This C program is based on the following paper:
The purpose of this program is to be a practical and didactic introduction on how to perform shifted-linear interpolation. It is a self-contained application that will apply a rigid-body transformation to an image (rotation and translation). The source code (ANSI-C) is divided into 4 principal files ('.c') and 3 associated header files ('.h'). A standard data file (the famous Lena image) is provided so that you can test the program as soon as it has been downloaded and compiled.
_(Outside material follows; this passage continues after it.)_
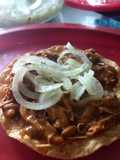 Tostadas de pollo con mole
To simplify the explanations, let us examine the one-dimensional case first and let us defer to later the considerations on additional dimensions. Given a set of samples s[j] with j integer, the fundamental task of interpolation is to compute the following equation for any desired value of x:
ƒ(x) = ∑k c[k] g(x - k),
where x is a real number and where k takes on every possible integer value. For a specific integer value j, it is also desired that the interpolated function ƒ(j) takes the same value as the sample s[j] of the set of available samples we want to interpolate
s[j] = ƒ(j) = ∑k c[k] g(j - k).
We discourage the traditional approach one usually follows in order to satisfy this equation. Traditionally, one makes sure that two conditions are met. Firstly, set c[k] = s[k] for all k. Secondly, select a function g() that takes value 0 for all integer arguments, except at the origin where it must equal unity (for any non-integer arguments, g() is free to take any value it may like). This would do the trick, and would be the classical approach to interpolation.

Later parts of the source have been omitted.